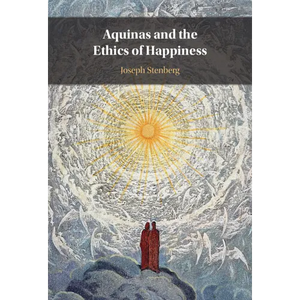 Aquinas and the Ethics of Happiness - Hardcover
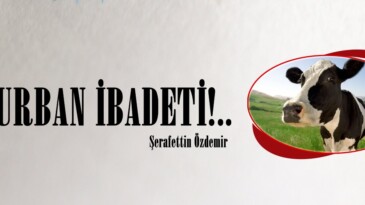 KURBAN İBADETİ!..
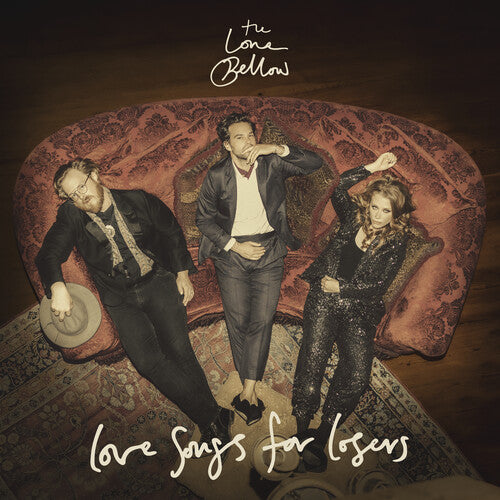 The Lone Bellow - Love Songs for Losers ( VINYL )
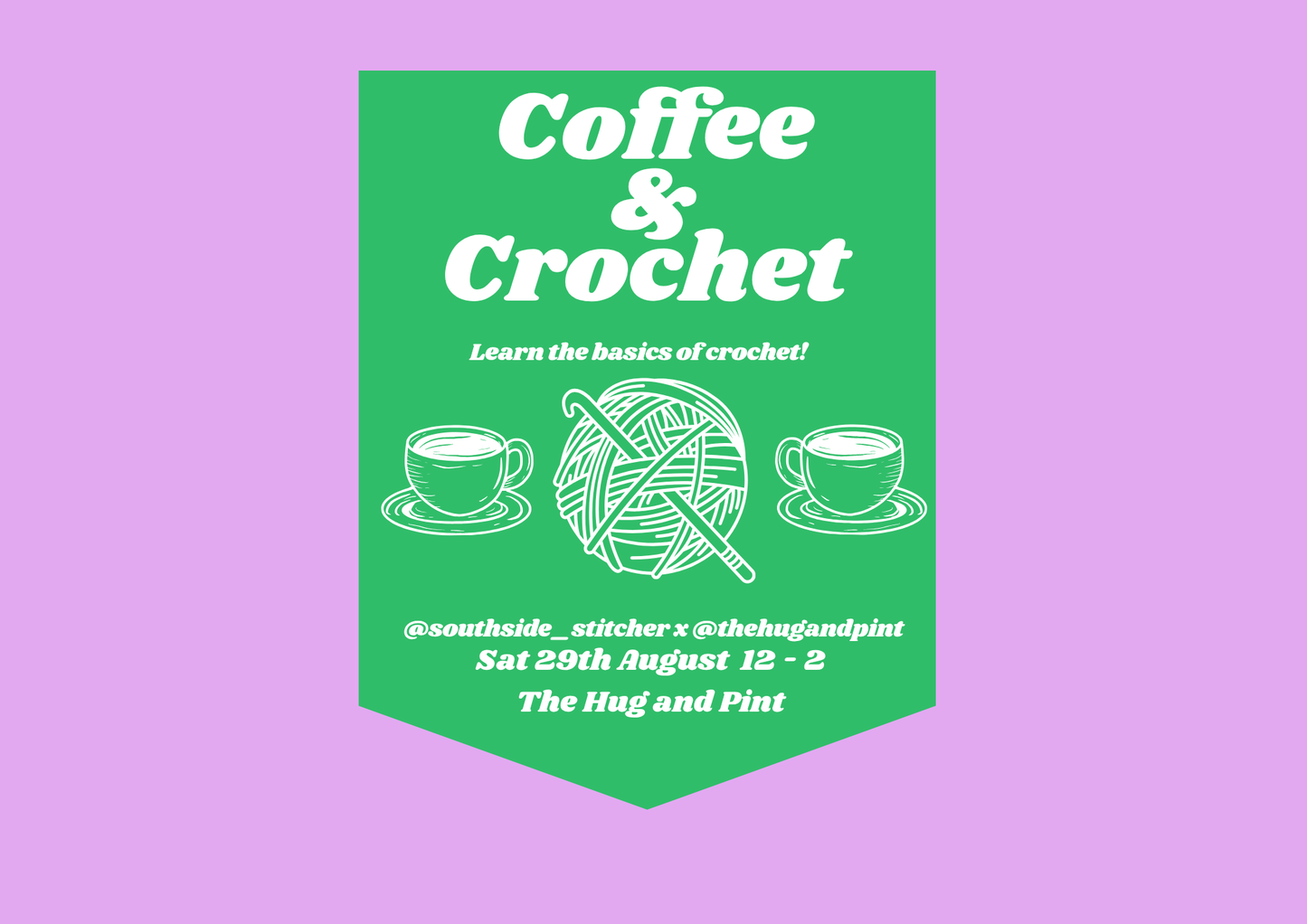 Beginners Crochet - Southside Stitcher x The Hug and Pint - 29th August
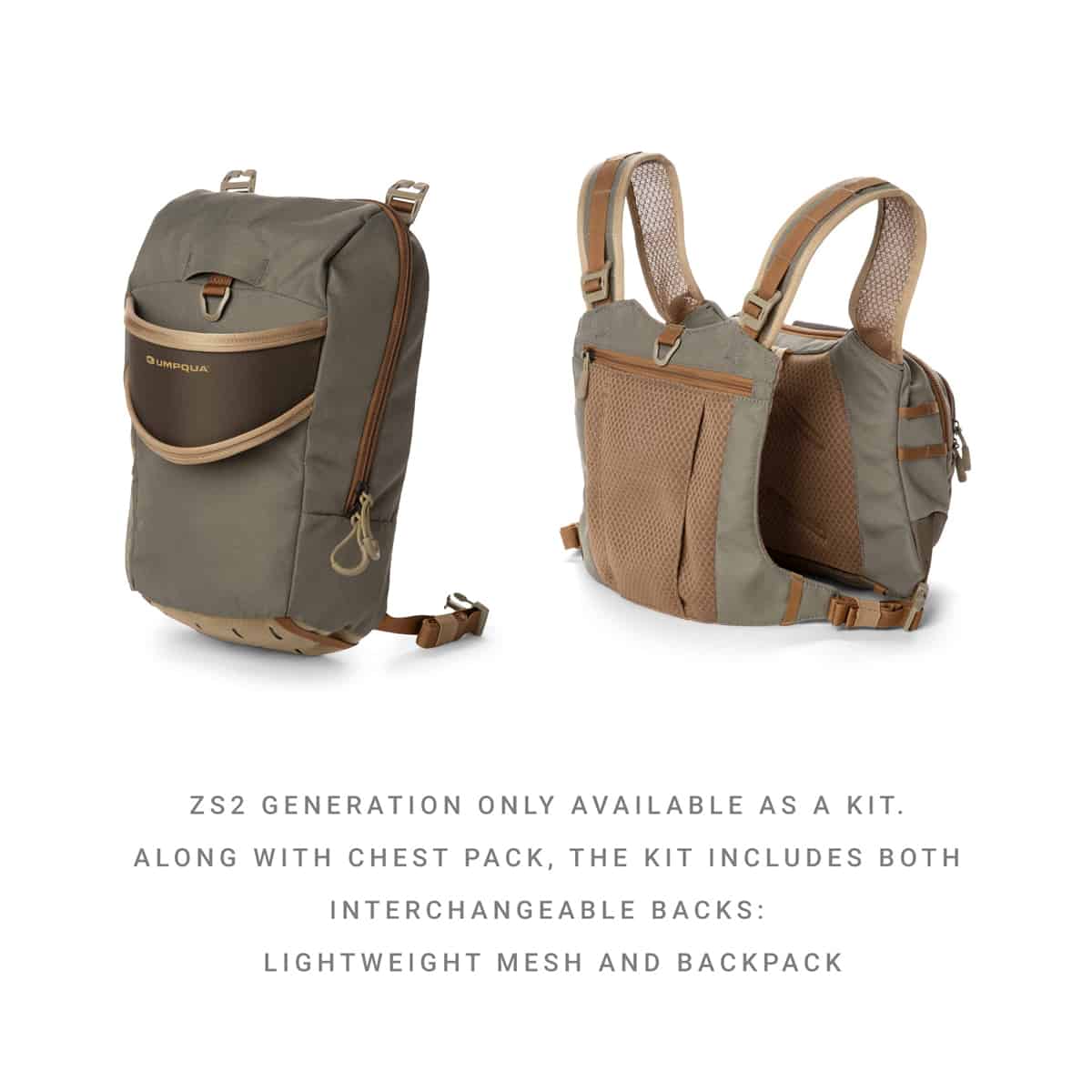 ZS2 Generation Umpqua Overlook 500 only available as a kit. Along with chest pack, the kit includes both interchangeable backs; lightweight mesh and small backpack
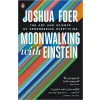 Moonwalking with Einstein - Joshua Foer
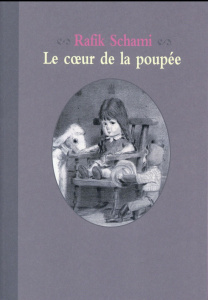 Le coeur de la poupée - Schami Rafik ; Elbaz Grégory ; Franchet Irène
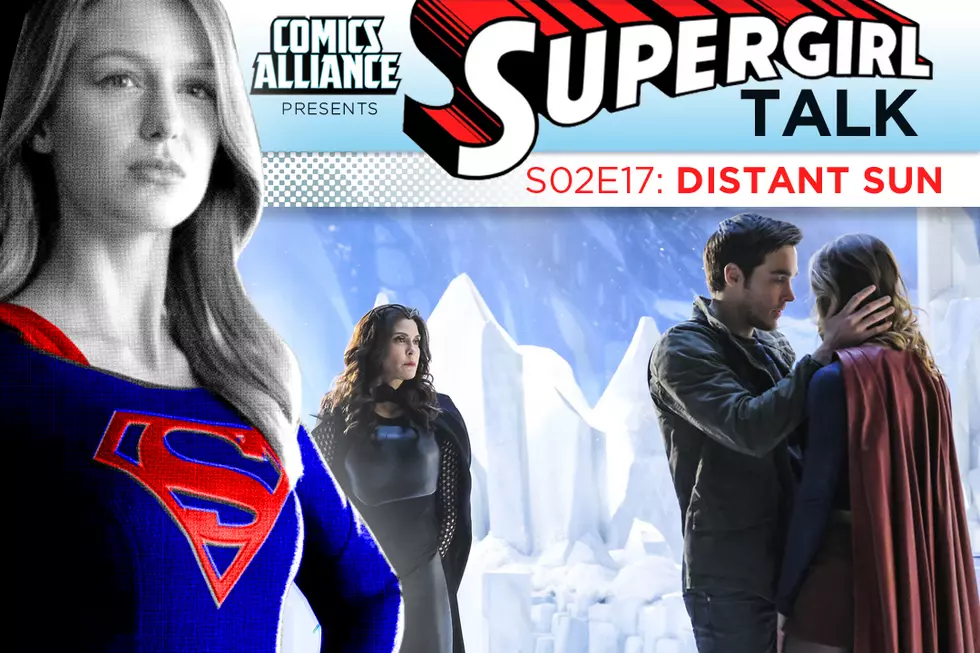 'Supergirl' Season 2 Episode 17: 'Distant Sun'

++++++++

### What you need to do
Nothing but the lines from the one containing "ZS2 Generation Umpqua" through the last line of the records should appear in the copy, exactly as written and without pictures.

### Solution
 ZS2 Generation Umpqua Overlook 500 only available as a kit. Along with chest pack, the kit includes both interchangeable backs; lightweight mesh and small backpack
 Moonwalking with Einstein - Joshua Foer
 Le coeur de la poupée - Schami Rafik ; Elbaz Grégory ; Franchet Irène
 'Supergirl' Season 2 Episode 17: 'Distant Sun'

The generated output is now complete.